The evening’s content snaked flippantly between fist-in-the air feminism and absurd mundanity. Shrewd sparkling-wine-cradling Tiff Stevenson was the first to confront feminist issues, riffing on the phrase: “That’s just how it’s always been,” as a flimsy means of deflecting anything slightly alien, offering the suggestion that we should then all still be faeces-flinging apes, or cynical fish refusing to confront the land.
Abi Roberts progressed the gender politics with a performance as unpredictable as a discount fireworks multipack, culminating in a theatrical reading of Robin Thicke’s lyrics to Blurred Lines. The frenzied Luisa Omielan then cranked the girl-power to the next level with impassioned messages of body confidence (complemented by frequent skirt-lifting), to the point where comedy almost gave way to an incredibly off-beat TED Talk. Her promotion of terms such as “Pleasure Angel” and “Climax Fairy” in place of derogatory terms for female hedonism provided a memorable moment in the night’s proceedings.
Both resolute and hilarious in equal measures was Shazia Mirza, denigrating her Muslim Woman of the Year award as a gesture of the most patronising kind. Her act was followed by Mae Martin, who had the audience falling about the intimate theatre with her material on sexuality.
With a line-up full of sharp female comics and a 95% female audience, it took a brave man to show his face. Male audience members were repeatedly picked on throughout in a welcome redressing of balance. But for all the heavyweight material, the more inane gags were just as important. The evening was about showcasing talent as much as it was about dictating a message. The line-up was sandwiched by opener Pippa Evans’ Broadway musical-style rendition of an argument with a traffic warden, and closer Lou Sanders with her account of being at a party without a drink and thus not knowing what to do with her hands.
Queen of the frivolously inane however was Zoe Lyons. Among other oddball routines she explored the world of pigeons drunkenly losing their feet and the unnecessary act of bungee jumping to make you feel alive, when you can accidentally slip in the shower instead for a similar rush.

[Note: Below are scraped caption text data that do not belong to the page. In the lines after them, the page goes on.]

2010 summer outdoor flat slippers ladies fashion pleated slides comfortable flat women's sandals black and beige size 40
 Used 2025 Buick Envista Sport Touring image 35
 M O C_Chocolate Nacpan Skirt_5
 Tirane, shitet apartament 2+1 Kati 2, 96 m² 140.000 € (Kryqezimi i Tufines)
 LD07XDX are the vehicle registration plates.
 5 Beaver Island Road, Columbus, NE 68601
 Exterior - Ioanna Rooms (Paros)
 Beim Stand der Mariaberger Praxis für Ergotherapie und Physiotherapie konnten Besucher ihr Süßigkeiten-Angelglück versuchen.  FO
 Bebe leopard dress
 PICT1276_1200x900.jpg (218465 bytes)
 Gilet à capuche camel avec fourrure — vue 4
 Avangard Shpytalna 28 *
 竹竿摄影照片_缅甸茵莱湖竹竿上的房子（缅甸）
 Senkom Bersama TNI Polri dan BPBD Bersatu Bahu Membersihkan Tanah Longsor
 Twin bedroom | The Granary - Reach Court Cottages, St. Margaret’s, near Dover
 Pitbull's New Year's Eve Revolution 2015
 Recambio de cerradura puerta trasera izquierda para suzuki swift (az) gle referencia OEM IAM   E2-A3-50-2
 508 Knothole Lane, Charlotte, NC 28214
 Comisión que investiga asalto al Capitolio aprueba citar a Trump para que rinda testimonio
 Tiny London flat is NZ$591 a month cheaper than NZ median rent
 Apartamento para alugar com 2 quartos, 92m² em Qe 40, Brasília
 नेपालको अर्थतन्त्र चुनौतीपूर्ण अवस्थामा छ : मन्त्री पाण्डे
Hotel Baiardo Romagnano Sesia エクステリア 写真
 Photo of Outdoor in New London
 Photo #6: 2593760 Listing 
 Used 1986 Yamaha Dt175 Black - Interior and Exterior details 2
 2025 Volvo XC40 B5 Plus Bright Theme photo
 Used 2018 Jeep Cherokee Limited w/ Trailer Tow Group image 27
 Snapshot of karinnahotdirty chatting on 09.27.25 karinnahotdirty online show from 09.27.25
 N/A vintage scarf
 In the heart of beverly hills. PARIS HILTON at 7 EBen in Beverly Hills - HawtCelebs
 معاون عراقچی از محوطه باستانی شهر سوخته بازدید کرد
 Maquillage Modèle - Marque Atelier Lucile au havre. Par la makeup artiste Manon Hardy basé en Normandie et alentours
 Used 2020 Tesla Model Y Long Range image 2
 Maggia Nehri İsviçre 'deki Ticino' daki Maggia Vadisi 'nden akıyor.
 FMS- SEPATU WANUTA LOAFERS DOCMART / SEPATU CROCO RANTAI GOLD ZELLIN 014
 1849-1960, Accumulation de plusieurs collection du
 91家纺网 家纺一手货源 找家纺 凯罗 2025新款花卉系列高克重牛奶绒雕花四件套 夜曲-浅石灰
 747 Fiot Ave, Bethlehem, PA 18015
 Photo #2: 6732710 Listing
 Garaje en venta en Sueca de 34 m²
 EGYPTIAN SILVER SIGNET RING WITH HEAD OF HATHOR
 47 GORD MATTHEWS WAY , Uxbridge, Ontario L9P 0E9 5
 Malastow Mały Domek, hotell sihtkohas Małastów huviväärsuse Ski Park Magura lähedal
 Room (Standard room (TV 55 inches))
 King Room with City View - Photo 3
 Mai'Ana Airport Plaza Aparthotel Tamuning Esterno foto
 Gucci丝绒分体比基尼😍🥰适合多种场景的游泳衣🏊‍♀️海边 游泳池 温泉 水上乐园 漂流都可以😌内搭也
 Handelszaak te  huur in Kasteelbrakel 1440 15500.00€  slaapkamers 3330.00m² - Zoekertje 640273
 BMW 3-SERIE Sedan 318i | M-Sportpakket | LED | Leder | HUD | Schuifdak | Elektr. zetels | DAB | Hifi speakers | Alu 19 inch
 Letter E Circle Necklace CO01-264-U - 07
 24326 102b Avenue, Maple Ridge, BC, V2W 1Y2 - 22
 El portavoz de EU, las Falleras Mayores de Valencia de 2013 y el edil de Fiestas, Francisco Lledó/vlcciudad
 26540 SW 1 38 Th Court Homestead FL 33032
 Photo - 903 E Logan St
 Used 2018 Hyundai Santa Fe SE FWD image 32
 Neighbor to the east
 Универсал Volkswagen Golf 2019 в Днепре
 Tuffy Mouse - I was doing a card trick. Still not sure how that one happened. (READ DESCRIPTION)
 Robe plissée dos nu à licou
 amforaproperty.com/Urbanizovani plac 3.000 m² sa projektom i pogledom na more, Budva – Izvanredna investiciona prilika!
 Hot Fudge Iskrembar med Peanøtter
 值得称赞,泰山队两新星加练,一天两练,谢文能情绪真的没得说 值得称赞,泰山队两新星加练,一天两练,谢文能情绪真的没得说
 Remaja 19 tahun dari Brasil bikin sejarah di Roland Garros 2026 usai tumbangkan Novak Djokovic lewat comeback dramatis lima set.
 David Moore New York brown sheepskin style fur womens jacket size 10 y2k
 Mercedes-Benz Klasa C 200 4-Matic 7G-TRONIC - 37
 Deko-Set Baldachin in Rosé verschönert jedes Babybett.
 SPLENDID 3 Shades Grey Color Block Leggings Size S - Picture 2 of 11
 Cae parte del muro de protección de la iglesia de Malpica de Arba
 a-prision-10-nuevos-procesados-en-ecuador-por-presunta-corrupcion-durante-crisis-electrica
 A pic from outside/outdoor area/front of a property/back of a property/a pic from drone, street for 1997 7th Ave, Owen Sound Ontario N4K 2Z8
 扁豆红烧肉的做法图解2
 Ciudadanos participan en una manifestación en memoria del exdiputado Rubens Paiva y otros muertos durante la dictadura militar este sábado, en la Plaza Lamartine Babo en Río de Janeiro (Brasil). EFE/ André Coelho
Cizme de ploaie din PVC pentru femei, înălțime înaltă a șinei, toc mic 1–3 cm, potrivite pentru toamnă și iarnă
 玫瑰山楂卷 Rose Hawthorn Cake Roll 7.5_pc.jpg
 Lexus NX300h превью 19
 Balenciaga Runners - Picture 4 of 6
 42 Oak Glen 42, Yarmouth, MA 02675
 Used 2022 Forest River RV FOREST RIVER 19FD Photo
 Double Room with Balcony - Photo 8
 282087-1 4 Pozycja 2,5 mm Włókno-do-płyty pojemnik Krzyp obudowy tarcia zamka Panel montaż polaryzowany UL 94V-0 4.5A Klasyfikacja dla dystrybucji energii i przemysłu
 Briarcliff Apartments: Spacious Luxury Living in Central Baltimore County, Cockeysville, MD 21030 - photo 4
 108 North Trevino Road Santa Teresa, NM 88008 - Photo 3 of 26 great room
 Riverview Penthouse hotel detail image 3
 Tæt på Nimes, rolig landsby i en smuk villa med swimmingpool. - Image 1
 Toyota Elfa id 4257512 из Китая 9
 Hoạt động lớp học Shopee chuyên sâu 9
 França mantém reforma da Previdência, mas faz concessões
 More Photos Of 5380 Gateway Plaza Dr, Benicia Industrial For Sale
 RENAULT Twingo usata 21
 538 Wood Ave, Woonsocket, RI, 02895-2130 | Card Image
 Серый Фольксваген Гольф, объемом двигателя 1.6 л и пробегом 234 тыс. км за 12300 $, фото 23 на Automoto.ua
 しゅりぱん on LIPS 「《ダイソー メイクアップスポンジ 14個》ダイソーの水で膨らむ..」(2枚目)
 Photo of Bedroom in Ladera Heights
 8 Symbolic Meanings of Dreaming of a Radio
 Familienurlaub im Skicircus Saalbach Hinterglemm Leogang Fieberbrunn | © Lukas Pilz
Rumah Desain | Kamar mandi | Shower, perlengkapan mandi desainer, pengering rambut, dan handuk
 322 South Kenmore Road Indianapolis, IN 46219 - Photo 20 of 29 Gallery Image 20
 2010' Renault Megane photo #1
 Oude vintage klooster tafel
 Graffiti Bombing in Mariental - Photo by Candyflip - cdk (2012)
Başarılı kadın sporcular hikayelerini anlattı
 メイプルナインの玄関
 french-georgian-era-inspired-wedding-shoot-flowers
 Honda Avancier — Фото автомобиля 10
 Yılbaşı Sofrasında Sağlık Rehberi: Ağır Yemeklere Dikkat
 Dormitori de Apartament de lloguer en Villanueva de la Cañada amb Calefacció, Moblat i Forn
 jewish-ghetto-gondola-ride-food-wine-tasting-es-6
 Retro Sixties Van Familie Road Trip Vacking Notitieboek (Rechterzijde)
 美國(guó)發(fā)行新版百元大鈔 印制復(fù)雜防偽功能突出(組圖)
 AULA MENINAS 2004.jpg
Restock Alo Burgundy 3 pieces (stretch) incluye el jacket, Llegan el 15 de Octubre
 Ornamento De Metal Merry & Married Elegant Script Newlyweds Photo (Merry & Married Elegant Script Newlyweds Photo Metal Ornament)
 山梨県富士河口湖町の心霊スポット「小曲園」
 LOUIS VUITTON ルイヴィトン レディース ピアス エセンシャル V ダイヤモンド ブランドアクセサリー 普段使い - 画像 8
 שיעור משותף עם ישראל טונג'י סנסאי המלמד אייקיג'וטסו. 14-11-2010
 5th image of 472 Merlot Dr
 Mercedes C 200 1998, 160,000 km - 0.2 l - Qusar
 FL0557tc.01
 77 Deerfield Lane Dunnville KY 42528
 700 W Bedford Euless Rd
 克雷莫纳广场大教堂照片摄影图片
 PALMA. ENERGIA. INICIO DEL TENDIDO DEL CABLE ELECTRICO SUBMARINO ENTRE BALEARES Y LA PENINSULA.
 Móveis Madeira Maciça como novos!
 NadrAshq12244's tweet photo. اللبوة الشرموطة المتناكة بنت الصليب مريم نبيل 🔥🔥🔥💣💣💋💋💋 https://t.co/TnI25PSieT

It would be nice to get to the stage where female comedians don’t have to talk about gender inequality during their routines, or even where such a line-up as this might occur without prescribing an all-female comedy event, but we’re still at the stage where women are merely token women amongst a line-up of men. Nights such as this serve to reinstate the standard of female comedians today, and we ain’t faeces-flinging apes no more. It’s time that “the way it’s always been” is “the way it always was”.